# Found a pigeon nest, and I think I scared away the mother! :(



## rkoznyc (May 15, 2005)

Just moved into a new apt. in Manhattan, and in the alleyway, I saw that there was a pigeon nest with the mother and 2 babies. I was really not educated on how they cared for the babies, so I threw out some bread crumbs, because for some reason I thought that the mother was never able to leave the nest, etc...

Well, I think that when I threw out some bread, both parents flew away, and I really haven't seen them back since. Other pigeons have come to eat the bread I've thrown down there, and it looks like it scares the babies when other birds come around, because they start clicking and getting restless.

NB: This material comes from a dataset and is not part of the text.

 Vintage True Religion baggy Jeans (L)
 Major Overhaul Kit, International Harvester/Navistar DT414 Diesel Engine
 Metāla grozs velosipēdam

BUT, just today I looked down there, at another random bird eating the bread, and then it was over ON the babies, and I couldn't really tell what it was doing. AND I'm not sure if maybe it was the mother? But I got scared thinking that it was hurting the babies. But I guess it could have also been feeding them somehow? I'm so nervous for them. But I don't know if I just keep scaring away the mother.

I guess I'm just looking for answers on how they feed them? Do other pigeons kill baby pigeons? Will the mother come back? Whew. I'm feeling totally guilty now.


----------



## Reti (Jul 20, 2003)

Don't feel guilty, you did a nice thing trying to feed the mother. She probably was close by watching you. Ususally after the "danger" is over they go back to the nest.
My guess is the pigeon you saw on the nest is the mother or the father feeding the babies. Adult pigeons can be pretty rough on strange babies but I don't think they go into nests attacking babies.
If you can take a look at the babies and see if they are alright that would be wonderful.

Reti


----------



## rkoznyc (May 15, 2005)

I think it is the mother now, come back. Because she(he?, I read that both will sit on the nest) is sitting directly over the spot, and seems to be sitting on top of them. 

Feeling better now.


----------



## Reti (Jul 20, 2003)

Thank you for the update. That is good news.

Reti


----------